Bardo: How Cinematographer Darius Khondji Shot the Oscar-Nominated Feature

Bardo, False Chronicle of a Handful of Truths, 2022(Film still)

Ahead of the Oscars, where he’s nominated for best cinematography, Darius Khondji talks about his masterful collaboration with director Alejandro González Iñárritu and why music and cinema are “intimately entwined”

“Cinema is a dream, directed.” Among this year’s Oscars hopefuls, none pay service to Luis Buñuel’s eternal words quite like Bardo, False Chronicle of a Handful of Truths. Alejandro González Iñárritu’s first film to be shot in Mexico since Amores Perros nearly 25 years ago is also one of his most ambitious, which, considering the scale of Birdman (2014) or The Revenant (2015), is some going. Unlike those previous triumphs, Bardo delves deep into the director’s personal history through a densely woven tale of unbridled fantasy and surrealism. Dreams, memory and premonition interchange with unerring fluidity in what is an indisputable visual triumph, fully deserving of its Academy Award nomination for Best Cinematography at this year’s ceremony.

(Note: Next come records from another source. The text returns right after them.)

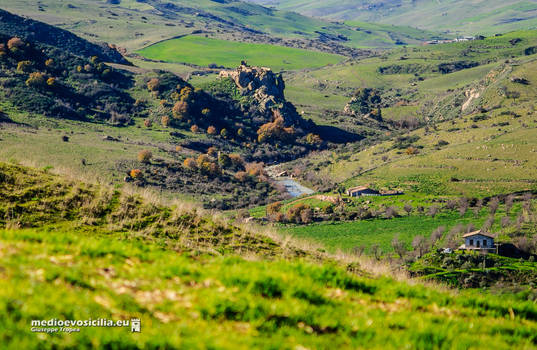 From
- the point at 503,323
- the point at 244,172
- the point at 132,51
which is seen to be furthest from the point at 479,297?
the point at 132,51

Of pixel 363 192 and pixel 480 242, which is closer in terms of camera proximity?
pixel 480 242

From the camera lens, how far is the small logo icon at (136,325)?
6.44 m

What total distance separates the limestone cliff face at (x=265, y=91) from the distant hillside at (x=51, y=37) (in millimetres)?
36254

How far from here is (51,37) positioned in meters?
128

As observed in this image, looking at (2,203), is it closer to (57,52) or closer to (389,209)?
(389,209)

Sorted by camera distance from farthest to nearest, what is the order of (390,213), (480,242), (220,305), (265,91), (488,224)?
(265,91) < (390,213) < (488,224) < (480,242) < (220,305)

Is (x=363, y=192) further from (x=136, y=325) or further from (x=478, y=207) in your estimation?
(x=136, y=325)

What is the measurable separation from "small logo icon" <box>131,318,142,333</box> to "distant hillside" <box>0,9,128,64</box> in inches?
5045

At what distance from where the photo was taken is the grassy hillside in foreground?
6.23 meters

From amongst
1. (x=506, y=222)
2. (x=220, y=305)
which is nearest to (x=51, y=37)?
(x=506, y=222)

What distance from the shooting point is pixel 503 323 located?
8477mm

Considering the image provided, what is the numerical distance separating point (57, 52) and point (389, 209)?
85.1m

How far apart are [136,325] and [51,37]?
140m

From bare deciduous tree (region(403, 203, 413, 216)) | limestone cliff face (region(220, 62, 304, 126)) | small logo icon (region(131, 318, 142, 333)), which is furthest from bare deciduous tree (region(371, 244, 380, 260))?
limestone cliff face (region(220, 62, 304, 126)) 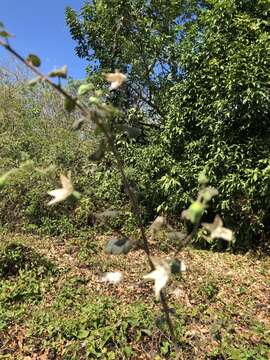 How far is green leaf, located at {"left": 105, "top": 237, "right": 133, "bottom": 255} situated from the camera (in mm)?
1070

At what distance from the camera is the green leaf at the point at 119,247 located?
3.51 feet

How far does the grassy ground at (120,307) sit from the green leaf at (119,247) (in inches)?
66.0

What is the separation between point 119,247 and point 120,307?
3.17 metres

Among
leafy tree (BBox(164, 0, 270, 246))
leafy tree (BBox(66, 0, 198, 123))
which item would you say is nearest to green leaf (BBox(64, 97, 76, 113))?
leafy tree (BBox(164, 0, 270, 246))

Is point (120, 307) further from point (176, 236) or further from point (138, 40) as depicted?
point (138, 40)

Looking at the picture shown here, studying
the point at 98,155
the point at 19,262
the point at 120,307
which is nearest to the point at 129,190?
the point at 98,155

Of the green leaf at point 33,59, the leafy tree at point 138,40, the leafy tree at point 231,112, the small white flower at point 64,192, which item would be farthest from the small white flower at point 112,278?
the leafy tree at point 138,40

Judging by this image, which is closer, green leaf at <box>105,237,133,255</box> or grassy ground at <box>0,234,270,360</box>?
green leaf at <box>105,237,133,255</box>

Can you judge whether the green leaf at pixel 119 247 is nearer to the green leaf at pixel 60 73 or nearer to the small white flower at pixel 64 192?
the small white flower at pixel 64 192

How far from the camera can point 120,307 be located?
4078 mm

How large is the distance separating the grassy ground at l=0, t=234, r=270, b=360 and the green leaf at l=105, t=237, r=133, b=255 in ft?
5.50

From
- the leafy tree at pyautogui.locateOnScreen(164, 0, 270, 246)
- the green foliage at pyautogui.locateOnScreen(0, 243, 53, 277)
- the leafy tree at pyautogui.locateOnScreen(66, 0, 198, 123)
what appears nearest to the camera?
the green foliage at pyautogui.locateOnScreen(0, 243, 53, 277)

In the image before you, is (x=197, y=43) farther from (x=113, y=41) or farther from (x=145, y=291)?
(x=145, y=291)

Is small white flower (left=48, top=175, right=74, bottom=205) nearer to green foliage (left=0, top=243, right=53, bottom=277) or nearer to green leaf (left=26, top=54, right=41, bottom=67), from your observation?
green leaf (left=26, top=54, right=41, bottom=67) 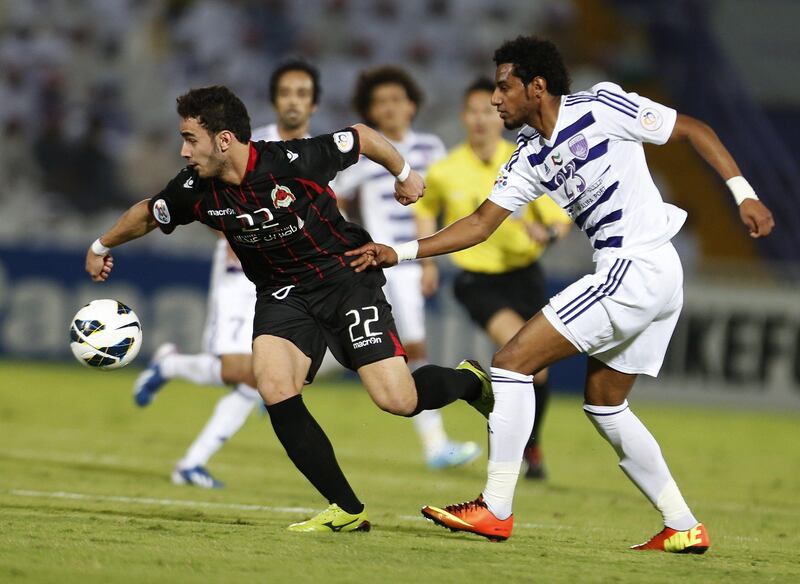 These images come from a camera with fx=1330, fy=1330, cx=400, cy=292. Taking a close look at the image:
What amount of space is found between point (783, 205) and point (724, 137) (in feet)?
4.56

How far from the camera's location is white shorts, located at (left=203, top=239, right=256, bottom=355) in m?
8.20

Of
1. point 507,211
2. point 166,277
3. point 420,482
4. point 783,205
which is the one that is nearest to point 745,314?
point 783,205

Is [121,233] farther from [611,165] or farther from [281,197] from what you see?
[611,165]

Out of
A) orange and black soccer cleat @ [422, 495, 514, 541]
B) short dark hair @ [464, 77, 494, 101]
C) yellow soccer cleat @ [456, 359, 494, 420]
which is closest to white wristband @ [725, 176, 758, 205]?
yellow soccer cleat @ [456, 359, 494, 420]

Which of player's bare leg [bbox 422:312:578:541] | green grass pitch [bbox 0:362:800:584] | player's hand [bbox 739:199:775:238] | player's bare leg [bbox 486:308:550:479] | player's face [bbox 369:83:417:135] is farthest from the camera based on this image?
player's face [bbox 369:83:417:135]

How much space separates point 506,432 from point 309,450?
0.87 meters

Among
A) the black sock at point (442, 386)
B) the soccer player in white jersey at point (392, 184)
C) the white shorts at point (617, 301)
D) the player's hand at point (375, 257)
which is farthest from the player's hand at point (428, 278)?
the white shorts at point (617, 301)

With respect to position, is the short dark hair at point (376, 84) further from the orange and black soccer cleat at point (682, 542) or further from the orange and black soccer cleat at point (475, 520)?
the orange and black soccer cleat at point (682, 542)

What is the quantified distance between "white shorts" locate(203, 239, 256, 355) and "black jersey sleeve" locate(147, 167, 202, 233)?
85.4 inches

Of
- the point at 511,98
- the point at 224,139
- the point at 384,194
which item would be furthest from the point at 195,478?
the point at 511,98

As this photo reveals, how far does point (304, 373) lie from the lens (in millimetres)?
6027

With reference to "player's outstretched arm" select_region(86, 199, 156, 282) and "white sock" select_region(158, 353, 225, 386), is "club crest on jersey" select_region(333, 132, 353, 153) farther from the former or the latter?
"white sock" select_region(158, 353, 225, 386)

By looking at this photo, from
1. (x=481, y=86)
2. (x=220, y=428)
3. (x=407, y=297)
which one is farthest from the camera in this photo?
(x=407, y=297)

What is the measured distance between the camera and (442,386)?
6.31m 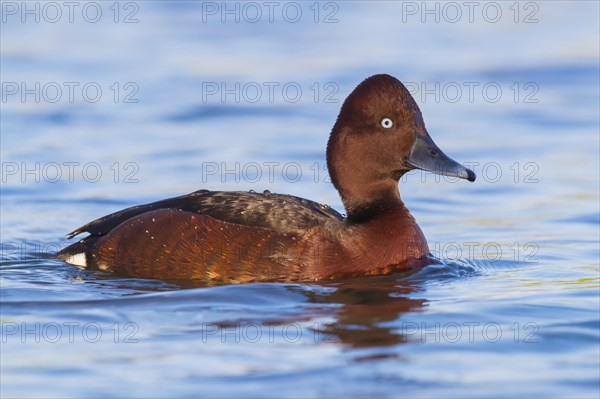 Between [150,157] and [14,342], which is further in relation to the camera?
[150,157]

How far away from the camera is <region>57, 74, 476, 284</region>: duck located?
380 inches

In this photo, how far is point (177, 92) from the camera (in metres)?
17.9

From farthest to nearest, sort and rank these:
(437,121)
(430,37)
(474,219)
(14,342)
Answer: (430,37) < (437,121) < (474,219) < (14,342)

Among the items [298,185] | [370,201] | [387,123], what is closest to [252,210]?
[370,201]

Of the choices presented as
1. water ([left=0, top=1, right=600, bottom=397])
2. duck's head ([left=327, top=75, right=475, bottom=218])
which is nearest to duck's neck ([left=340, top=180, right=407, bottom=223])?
duck's head ([left=327, top=75, right=475, bottom=218])

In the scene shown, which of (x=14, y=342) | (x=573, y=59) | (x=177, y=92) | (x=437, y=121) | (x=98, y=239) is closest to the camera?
(x=14, y=342)

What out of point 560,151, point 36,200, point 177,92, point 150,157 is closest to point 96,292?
point 36,200

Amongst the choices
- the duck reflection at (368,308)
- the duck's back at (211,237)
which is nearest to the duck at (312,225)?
the duck's back at (211,237)

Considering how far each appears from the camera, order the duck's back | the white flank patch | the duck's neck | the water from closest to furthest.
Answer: the water, the duck's back, the duck's neck, the white flank patch

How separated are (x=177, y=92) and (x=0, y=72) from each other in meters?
2.71

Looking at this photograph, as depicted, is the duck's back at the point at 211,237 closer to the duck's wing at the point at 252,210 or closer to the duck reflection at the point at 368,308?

There are few in the business who’d take on a project of such complexity, fewer still who could execute it like Darius Khondji. The veteran cinematographer has long shunned a visual signature in favour of moulding himself to a director’s vision – just ask Paul Thomas Anderson, Woody Allen, Roman Polanski, Bong Joon-ho, Wes Anderson, David Fincher, the Safdie Brothers – or any other director he has worked with over the last 40 years. Khondji’s approach to Bardo was no different, and like any of his previous collaborations, began with a conversation.

“Right from the beginning he was very articulate, very clear,” recalls Khondji of his first meeting with Iñárritu. “I understood, beyond words, the importance of what he was telling me and how important the film was for him. I think he felt that.” Any film is personal for a director, but for Iñárritu, Bardo goes much further, offering not so much a biographical account as a moment of catharsis, a chance to exorcise the trauma, insecurity and personal guilt that has weighed heavily over the last two decades. Iñárritu embodies his story through that of Silverio, a Mexican journalist turned filmmaker now living in LA, whose return to his native country precipitates an existential awakening and a reexamination of events that have led him to this moment.

For Khondji, who was born in Tehran before moving to France at a young age, being caught between nationalities bore a personal resonance that helped fire his initial enthusiasm. Despite being just four when he arrived in Paris, he can still recall finding himself in a school, “surrounded by people who looked completely unlike me”, and resenting the feeling of being conspicuously other, “at a time when you just want to fit in”. Though he doesn’t share the same sense of guilt as Iñárritu (and, by extension, Silverio) over abandoning his birthplace in search of success, the intersection of two very different cultures was at once familiar.

Nowhere was this more apparent than in Mexico, where Khondji travelled during lockdown in preparation for the film. Given Bardo’s nuanced investigation of Mexican identity (in one scene Silverio converses with Spanish conquistador Hernán Cortés atop a pile of corpses, while in another, American and Mexican soldiers restage the 1847 Battle of Chapultepec), this affinity proved crucial. “I felt very close to Mexican people when I went there, in a very physical way,” explains Khondji. “Alejandro and I walked into downtown Mexico City and that was very important for me, as important as reading the script or being told about the movie. I felt very at ease there – it was the first place outside of Paris where I really didn’t miss Paris.”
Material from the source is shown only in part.